It is towards the shape of future agricultural or rural landscapes that I would like to direct my final comments, for my cautious optimism about feeding the world suggests we should also start to think beyond that challenge. Rural landscapes can have components of social and cultural, as well as economic values. In addition to the agricultural land, under both annual and perennial crops, for food, feed, fibre, and/or feed-stock, there is natural vegetation and  wild life, and there is likely to be water bodies. There are also dwellings, villages and even towns with industry, and infrastructure such as transport, communications and power supply systems. The goods which this landscape can produce, in addition to the strictly agricultural ones, are clean water, a sink for CO2 and perhaps urban waste, and space and an environment for non-agricultural production, for living, and for recreation. Finally people can have aesthetic and spiritual perceptions about their landscape; its beauty, harmony, diversity, and its history:  such values  are however difficult to measure, being rather  subjective.

Views from Western Europe

A recent visit to regions of favourable soils in northern Europe in the height of a bounteous summer brought this home to me.

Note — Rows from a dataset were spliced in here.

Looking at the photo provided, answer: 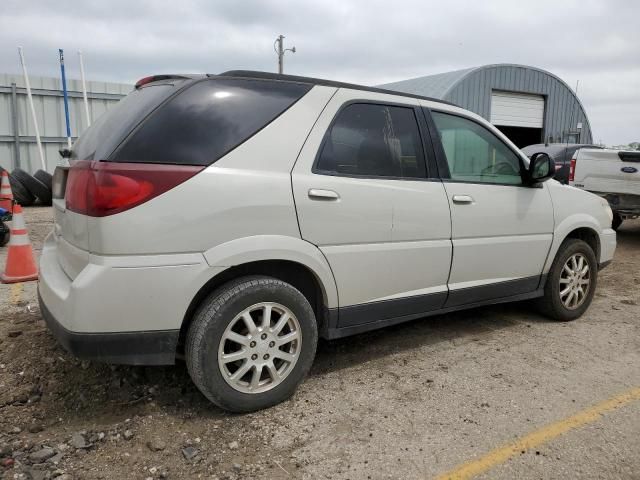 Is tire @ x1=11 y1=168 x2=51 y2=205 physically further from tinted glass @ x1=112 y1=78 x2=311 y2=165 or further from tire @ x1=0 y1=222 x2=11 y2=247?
tinted glass @ x1=112 y1=78 x2=311 y2=165

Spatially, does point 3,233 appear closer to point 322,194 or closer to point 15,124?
point 322,194

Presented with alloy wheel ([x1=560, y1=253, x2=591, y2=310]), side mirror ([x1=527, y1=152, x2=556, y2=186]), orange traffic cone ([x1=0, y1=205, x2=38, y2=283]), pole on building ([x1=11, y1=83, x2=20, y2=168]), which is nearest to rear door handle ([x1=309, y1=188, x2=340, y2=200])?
side mirror ([x1=527, y1=152, x2=556, y2=186])

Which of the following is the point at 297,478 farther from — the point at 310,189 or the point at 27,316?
the point at 27,316

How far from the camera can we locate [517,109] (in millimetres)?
22562

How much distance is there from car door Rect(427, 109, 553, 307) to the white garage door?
1938 centimetres

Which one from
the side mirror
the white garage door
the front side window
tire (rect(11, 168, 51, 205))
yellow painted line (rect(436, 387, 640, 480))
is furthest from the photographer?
the white garage door

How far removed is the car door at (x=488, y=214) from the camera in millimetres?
3627

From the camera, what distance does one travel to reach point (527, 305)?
4770mm

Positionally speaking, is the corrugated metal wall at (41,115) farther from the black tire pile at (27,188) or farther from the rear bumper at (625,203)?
the rear bumper at (625,203)

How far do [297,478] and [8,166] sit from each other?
1601 centimetres

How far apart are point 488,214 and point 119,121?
2.55 m

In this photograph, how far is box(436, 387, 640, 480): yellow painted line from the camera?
7.85 feet

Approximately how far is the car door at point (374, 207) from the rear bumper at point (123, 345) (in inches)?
37.3

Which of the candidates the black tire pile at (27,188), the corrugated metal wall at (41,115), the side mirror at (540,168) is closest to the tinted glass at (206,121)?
the side mirror at (540,168) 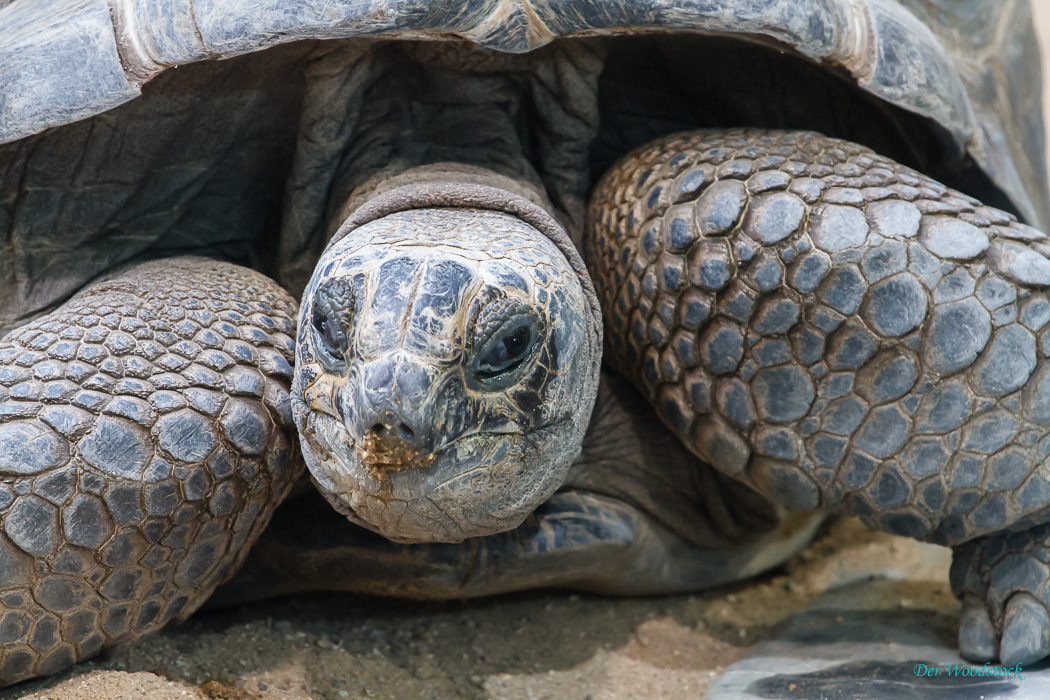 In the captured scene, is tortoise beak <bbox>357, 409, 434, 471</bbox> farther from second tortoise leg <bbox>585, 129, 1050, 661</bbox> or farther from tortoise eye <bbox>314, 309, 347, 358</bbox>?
second tortoise leg <bbox>585, 129, 1050, 661</bbox>

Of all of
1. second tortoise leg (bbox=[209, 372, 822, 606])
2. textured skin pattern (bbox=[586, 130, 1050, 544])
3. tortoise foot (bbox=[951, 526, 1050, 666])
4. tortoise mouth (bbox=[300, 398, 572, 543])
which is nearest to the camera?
tortoise mouth (bbox=[300, 398, 572, 543])

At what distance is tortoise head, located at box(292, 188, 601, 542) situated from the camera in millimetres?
1606

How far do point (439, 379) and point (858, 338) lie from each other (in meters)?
0.92

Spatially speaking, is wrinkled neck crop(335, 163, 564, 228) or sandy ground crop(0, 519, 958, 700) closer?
sandy ground crop(0, 519, 958, 700)

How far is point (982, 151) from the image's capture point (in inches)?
99.8

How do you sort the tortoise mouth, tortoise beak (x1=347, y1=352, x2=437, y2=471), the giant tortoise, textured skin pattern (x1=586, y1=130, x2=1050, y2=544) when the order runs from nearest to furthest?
tortoise beak (x1=347, y1=352, x2=437, y2=471) → the tortoise mouth → the giant tortoise → textured skin pattern (x1=586, y1=130, x2=1050, y2=544)

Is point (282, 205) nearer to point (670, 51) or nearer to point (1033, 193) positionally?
point (670, 51)

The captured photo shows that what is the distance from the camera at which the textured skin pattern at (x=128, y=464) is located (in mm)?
1792

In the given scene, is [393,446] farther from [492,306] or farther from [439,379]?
[492,306]

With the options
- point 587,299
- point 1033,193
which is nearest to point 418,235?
point 587,299

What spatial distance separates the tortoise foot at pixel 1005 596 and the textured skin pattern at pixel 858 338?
0.09m

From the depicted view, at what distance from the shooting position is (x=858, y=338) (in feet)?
6.60

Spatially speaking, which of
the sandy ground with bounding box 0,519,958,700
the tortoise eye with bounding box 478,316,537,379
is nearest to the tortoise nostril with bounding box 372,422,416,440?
the tortoise eye with bounding box 478,316,537,379

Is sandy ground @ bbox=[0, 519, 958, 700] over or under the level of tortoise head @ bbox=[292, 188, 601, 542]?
under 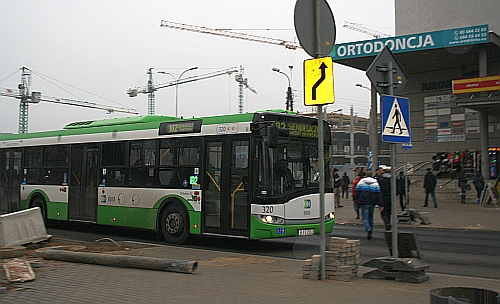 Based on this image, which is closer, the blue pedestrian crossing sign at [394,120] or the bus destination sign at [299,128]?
the blue pedestrian crossing sign at [394,120]

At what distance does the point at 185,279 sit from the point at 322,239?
2207 mm

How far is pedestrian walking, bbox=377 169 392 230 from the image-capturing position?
1526cm

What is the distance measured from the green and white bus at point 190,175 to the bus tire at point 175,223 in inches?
1.0

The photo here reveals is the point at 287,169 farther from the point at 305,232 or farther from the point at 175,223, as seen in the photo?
the point at 175,223

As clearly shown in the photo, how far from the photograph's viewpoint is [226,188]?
12.8 m

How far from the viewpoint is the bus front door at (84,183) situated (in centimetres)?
1641

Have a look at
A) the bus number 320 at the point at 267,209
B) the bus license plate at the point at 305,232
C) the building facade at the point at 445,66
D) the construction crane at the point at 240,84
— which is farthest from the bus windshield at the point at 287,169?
the construction crane at the point at 240,84

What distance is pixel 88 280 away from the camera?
854 centimetres

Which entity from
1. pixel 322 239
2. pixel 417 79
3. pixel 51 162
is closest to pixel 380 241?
pixel 322 239

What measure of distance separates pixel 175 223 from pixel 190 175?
4.30 ft

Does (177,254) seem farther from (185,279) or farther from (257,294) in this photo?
(257,294)

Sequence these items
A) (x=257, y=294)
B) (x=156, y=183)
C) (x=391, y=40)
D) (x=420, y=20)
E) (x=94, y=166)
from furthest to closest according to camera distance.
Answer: (x=420, y=20) < (x=391, y=40) < (x=94, y=166) < (x=156, y=183) < (x=257, y=294)

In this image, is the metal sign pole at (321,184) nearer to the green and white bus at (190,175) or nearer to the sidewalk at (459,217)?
the green and white bus at (190,175)

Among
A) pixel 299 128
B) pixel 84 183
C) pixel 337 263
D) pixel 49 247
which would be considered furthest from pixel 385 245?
pixel 84 183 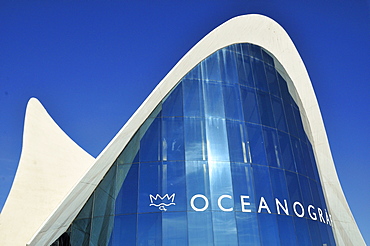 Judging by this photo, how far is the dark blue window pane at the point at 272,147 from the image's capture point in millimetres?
11812

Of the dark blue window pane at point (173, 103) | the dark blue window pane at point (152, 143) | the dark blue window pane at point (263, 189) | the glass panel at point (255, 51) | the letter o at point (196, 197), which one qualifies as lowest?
the letter o at point (196, 197)

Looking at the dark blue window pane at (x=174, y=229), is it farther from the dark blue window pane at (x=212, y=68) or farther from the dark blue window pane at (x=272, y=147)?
the dark blue window pane at (x=212, y=68)

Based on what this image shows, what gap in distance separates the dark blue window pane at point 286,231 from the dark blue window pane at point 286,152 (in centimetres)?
207

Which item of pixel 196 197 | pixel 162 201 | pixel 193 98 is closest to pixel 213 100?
pixel 193 98

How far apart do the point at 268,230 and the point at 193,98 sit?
5.06 meters

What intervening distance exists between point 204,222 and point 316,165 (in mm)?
7408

Ten tonne/ha winter wheat crops and 4 tonnes per hectare canola crops appeared amongst dense hedge rows, rich dairy pastures, wild-flower filled set-aside land, small patches of forest, ponds and streams, and prosperous-looking villages, some with obvious industrial activities. Personally this was a most agreeable scene and, given the environmental regulations now in place, one which I suspect is quite sustainable biophysically. A recent analysis of the favoured cropping areas of South-Eastern Scotland presents a similar picture. How has this come about? There is no doubt that one factor was the large amounts of support injected into European agriculture by the old Common Agricultural Policy (CAP). But this support is changing, and the Agenda 2000 of the EU is giving much less direct support to production (although the presence of sugar beet fields reminds one that the distortions have not gone yet), and much more to environmental services, and is backing this by fostering environmental regulation. This is delivering on the EC notion of “multifunctionality”. Partly this has come about because of the low price of grain on the world market, for this makes production support too expensive. There is also the uniquely European reaction against modern high-input agriculture, spawned in a sense by the abuses of the CAP. But I believe that modern grain production can continue in the favoured areas, for with increase in the size of operating units (not necessarily farms), the very high potential yields, and new technologies, they can be globally competitive and environmentally sustainable in all senses. Less favoured areas are being  withdrawn from arable cropping and/or intensive grazing, and will return to perennial crops, parks, natural vegetation and wildlife. This is a vision of European agriculture that I can recall was advocated strongly by C.T. de Wit. The elevated sensitivity of the Europeans towards food quality (contamination with agricultural chemicals, GMOs, nutritional value) however remains an issue. Since this sensitivity is not very scientifically based, it would seem to contradict their enlightened approach to rural landscapes.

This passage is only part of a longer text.